In order substantially to prevent any of the electrical discharge passing through the ambient air, the diameter of the vessel 4 is made large in relation to the diameter of the high voltage electrode. The dimensions denoted A, B, C and D in the drawing may thus typically be as follows. The diameter of the screen indicated as A is about 500 mm. The diameter of the vessel indicated as B may be 700 mm. The diameter of the high voltage electrode indicated as C may be 10-20 mm while the overall diameter of the electrode D including insulation may be 50-70 mm. The largest dimension of the mineral lump 7 may be about 200 mm. The earthed electrode 6 may also have a diameter of 10-20 mm. and an overall diameter including insulation of 50-70 mm. These figures are appropriately related, but some variation in them is obviously possible without interfering with the essential manner of operation of the new process.
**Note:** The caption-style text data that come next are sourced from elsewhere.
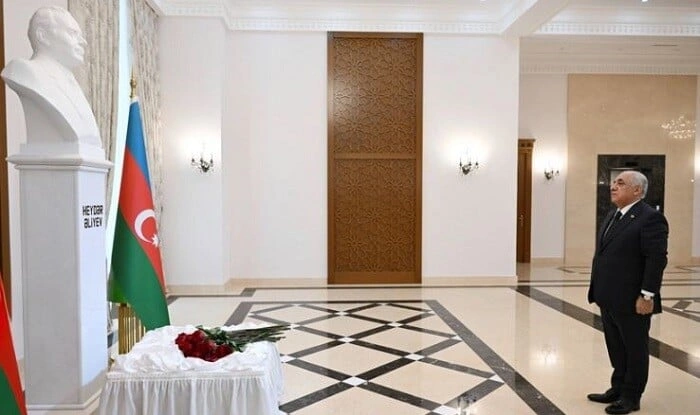 Əsədov Aşqabadda Heydər Əliyevin xatirəsini yad etdi - Foto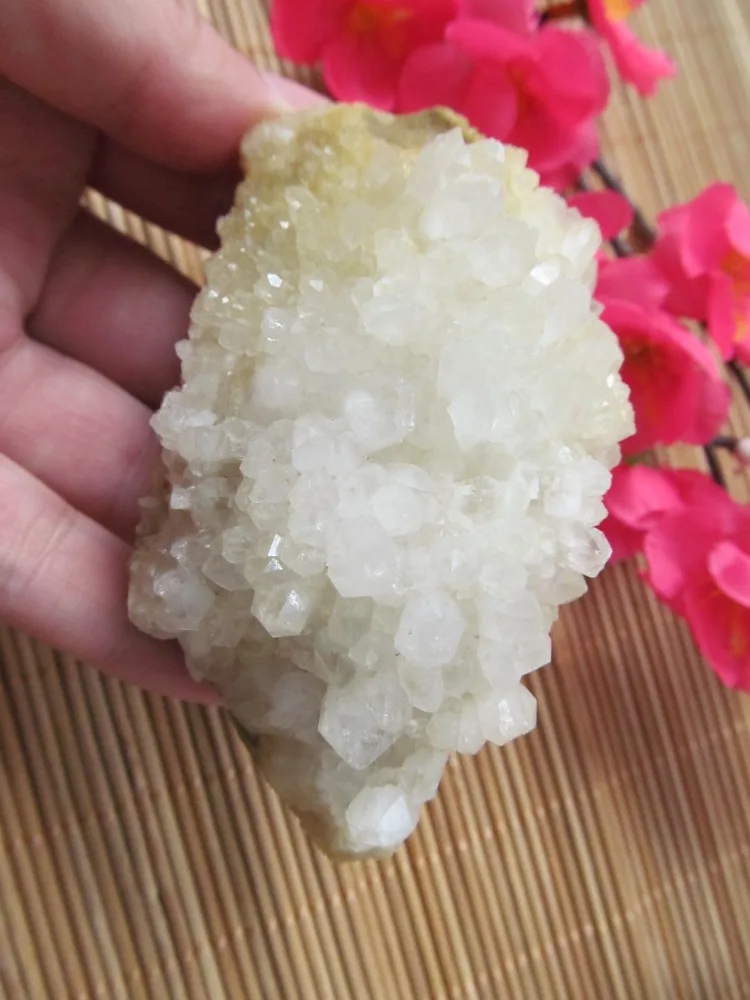 Natural White Quartz Flowers Crystal Clusters Decoration Resistant Healing Stone Feng Shui Decoration 176g
Natural White Quartz Flowers Crystal Clusters Decoration Resistant Healing Stone Feng Shui Decoration 176g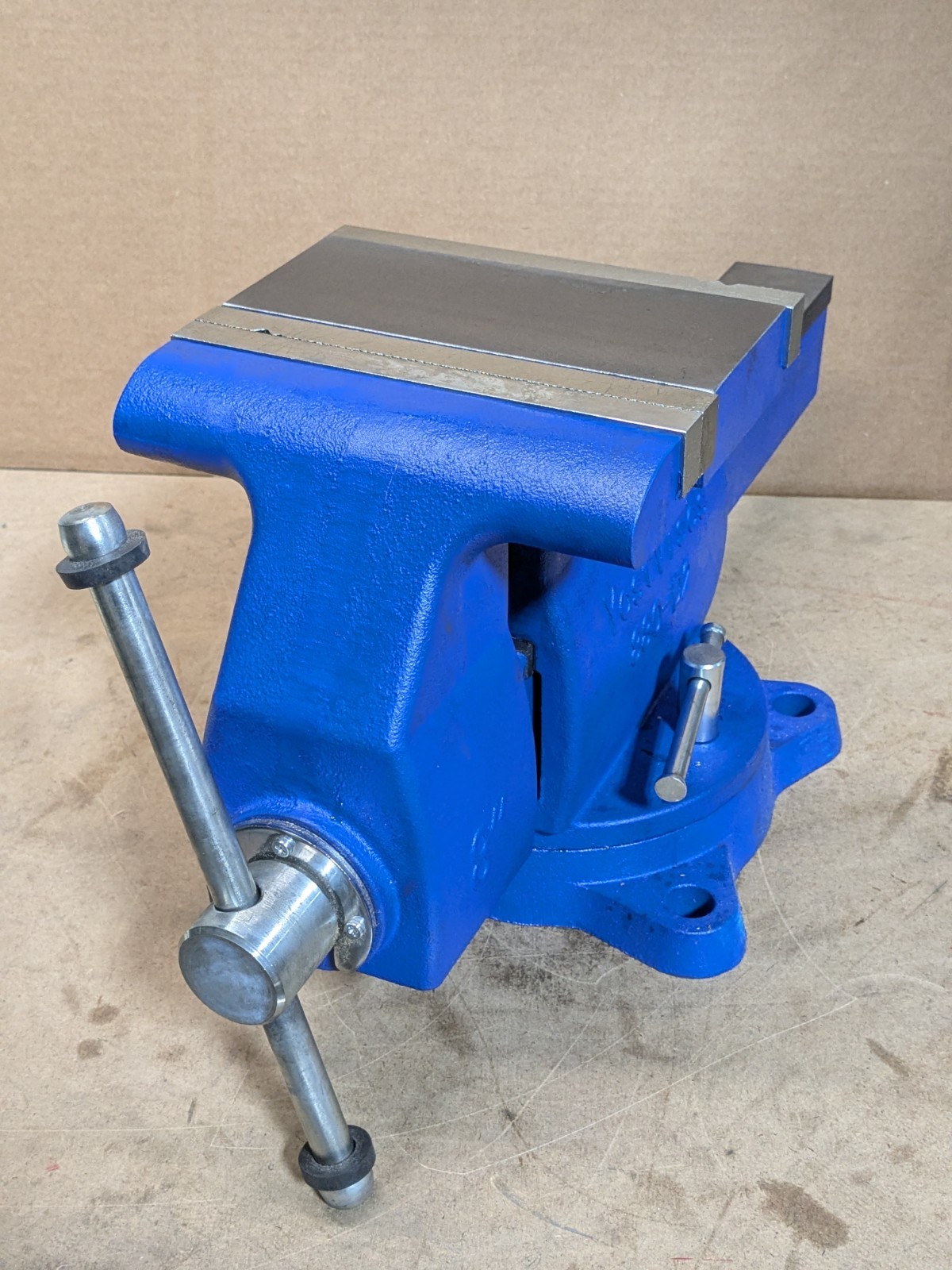 Yost Reversible Bench Vise w/ Swivel Base 8" Jaw Width 8.5" / 12.5" Opening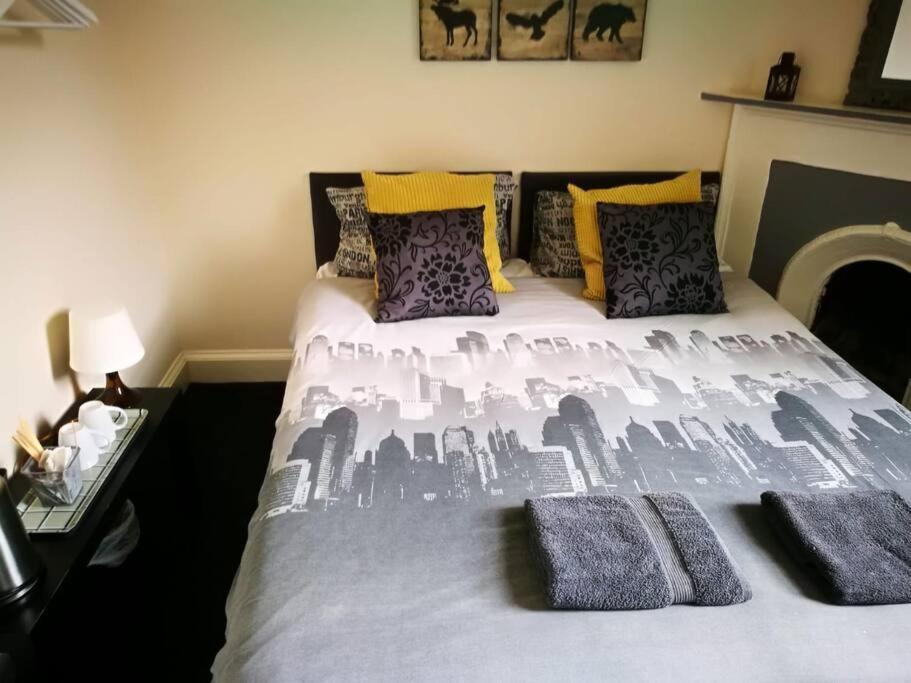 The Kingsview Townhouse - Boutique Hostel إدنبرة المظهر الخارجي الصورة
Alternatively, as already indicated, in some cases it may be preferred for the earthed electrode 6 to have a diameter of 8-10 mm and the high voltage electrode 1 to have a diameter of about 30 mm, the thickness of the insulation being the same.
As already indicated, the size of the perforations in the perforated screen 5 must be such as to allow comminuted particles of the mineral having the desired size to fall therethrough and collect in the bottom of the vessel 4. Holes of about 1 cm in diameter are appropriate. Other means may of course be provided for continual removal of small mineral fragments from the vessel 4 and for feeding rock lumps into the gap between the electrodes.
While the apparatus shown in the drawing includes only a single pair of electrodes, it is within the scope of the invention to provide a plurality of electrodes conforming to the requirements set out above in order to increase the rate at which the lumps of rock may be crushed by the new process.